Il trittico, ascrivibile dunque alla prima fase del gualdese, raffigura la Vergine con devoti tra San Giacomo e San Pellegrino, guardati dall’alto dall’Eterno e due angeli. Se la parte superiore inizia a risentire di arie più umbre, signorelliane, il registro inferiore è ancora legato all’Eccentrico, con l’allungamento dei corpi rimarcato dalle torsioni talvolta irreali: emblematici i punti in comune con i calzari di San Giacomo e gli stessi decorati nella Pala di Nocera Umbra. Interessante il muro di fondo, che riprende, come la struttura e le colonnine centrali, il Trittico di Casacastalda del padre Matteo. Il viso della Vergine, così come le genti che a lei si rivolgono, ai suoi piedi, ricordano i tipi che Girolamo usa per l’Incontro tra Gioacchino e Anna alla Porta Aurea, versione simile alla pala nocerina del padre ma successiva, oggi conservata presso la Rocca Flea di Gualdo Tadino.
Girolamo sarà più volte a San Pellegrino: oltre alla tavola e alle due decorazioni a lui molto vicine in Santa Maria delle Grazie, raffiguranti San’Antonio abate e San Francesco, suoi gli affreschi della sacrestia nella chiesa dedicata al santo, con un’Incredulità di San Tommaso molto vicina alle decorazioni di Santa Maria di Laverino, in provincia di Macerata ma poco oltre il confine con Nocera Umbra, attribuite allo stesso Girolamo, e quindi una raffigurazione del Santo Pellegrino in controfacciata che sembra opera del suo primissimo periodo. Sempre nella sacrestia, cuore principale dell’antica chiesa di San Pellegrino, si alternano, nella seconda sala, due registri di affreschi. Da sinistra, e dall’alto, attribuibili a Girolamo, o a Matteo e Girolamo, una Madonna col Bambino in trono e San Francesco, una Crocefissione con un’intensa ricerca di sfondo, quel che resta di un San Cristoforo, quindi nella parte inferiore una Maestà molto vicina agli esempi sigillani di Girolamo, una Santissima Trinità e un San Sebastiano dall’elevata cifra stilistica per quel che concerne la ricercatezza anatomica.

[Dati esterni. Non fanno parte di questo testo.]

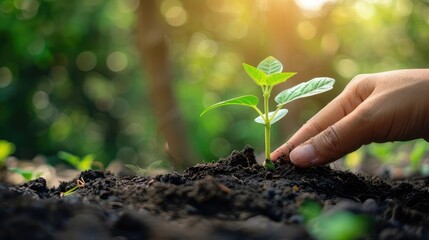 World soil day concept.Hand with green young plant growing in soil on nature background.planting trees back to the forest, Creating awareness for love wild, Wild plant concept. - obrazy, fototapety, plakaty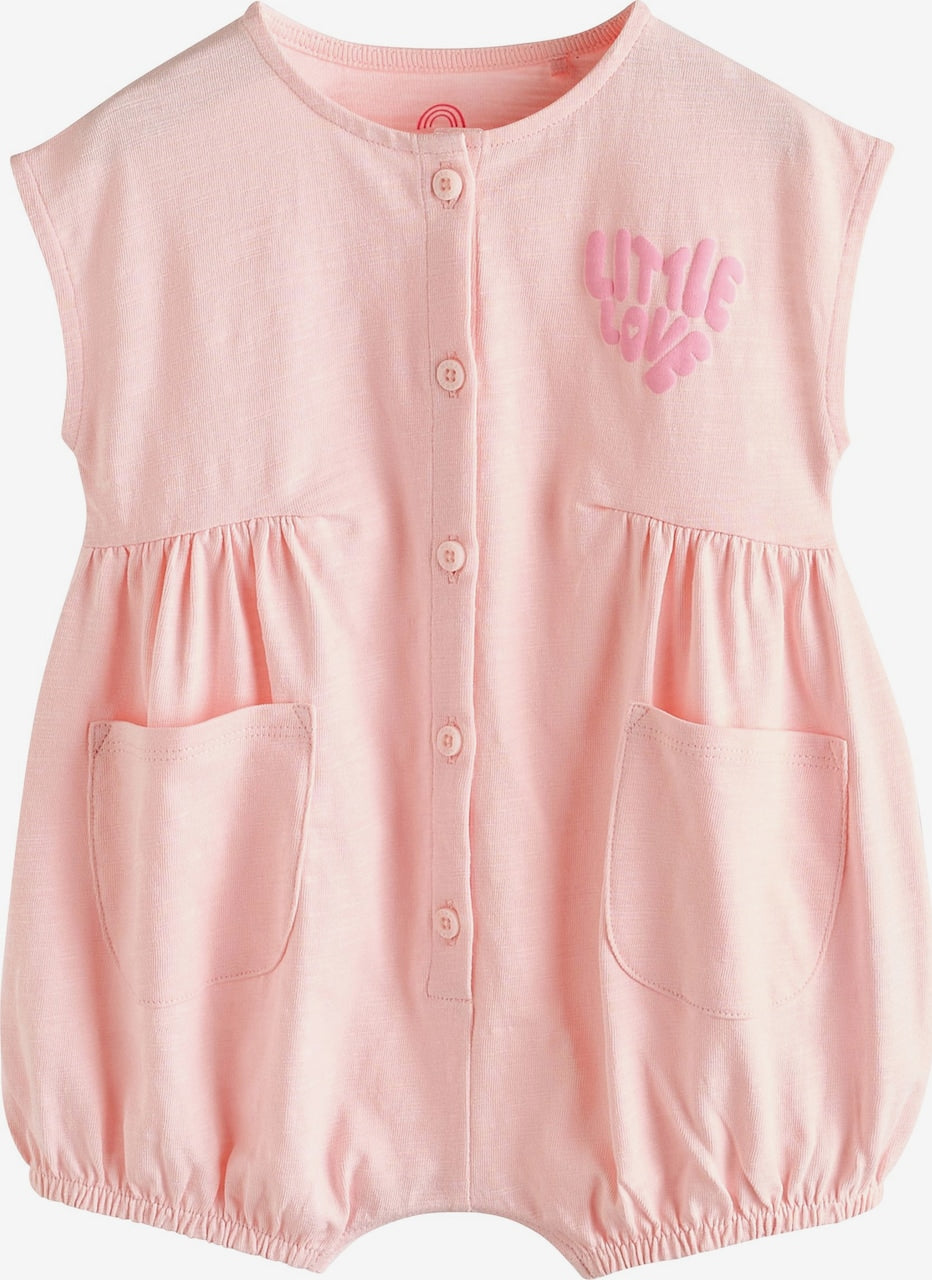 Next Romper/ Bodysuit in Rose , Pitaya and White  6-9 months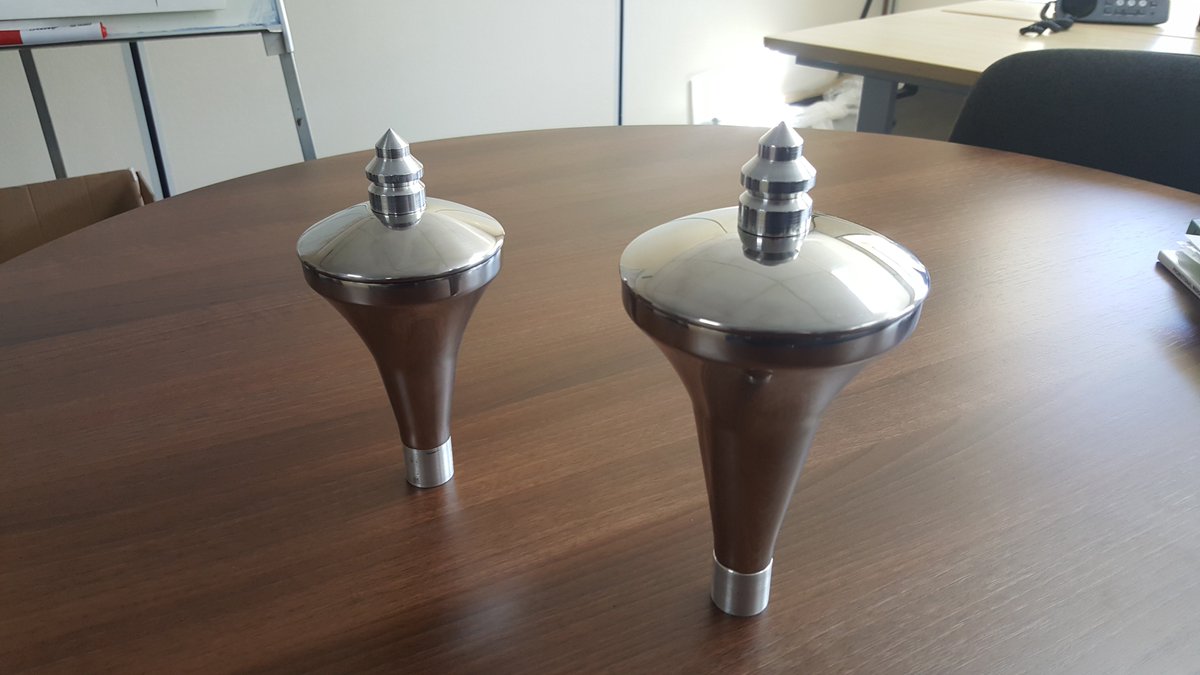 Two stainless steel mace's with a mirror polish finish on the outside #metalspinning #mace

Il Medioevo è ormai giunto al termine ma il trittico di Santa Maria delle Grazie, così come gli affreschi della chiesa maggiore, ci parla di antiche tradizioni: Girolamo raffigura il protettore del castello, il Santo Pellegrino, ma anche San Giacomo, San Cristoforo, San Sebastiano, rimarcando l’importanza del pellegrinaggio per un borgo un tempo centralissimo nella vita spirituale; sono le stesse antiche mulattiere che diventano strade romane, le antiche vie che assurgono a cammino di pellegrinaggio, è la storia che passa per l’Appennino, vi si ferma e ne esce completamente differente. Girolamo riceve poca attenzione fino alla seconda metà dello scorso secolo ma è interprete del cambiamento artistico e sociale, ed è, assieme al figlio Bernardo, l’erede della bottega paterna, che con loro si spegnerà, salvo alcuni esempi di sconosciuti allievi. E noi, umili spettatori, osserviamo in silenzio i dettagli che accompagnano questa lunga metamorfosi dell’uomo, nella quale siamo pienamente coinvolti.
Non ci resta che osservare la luce che gioca in silenzio.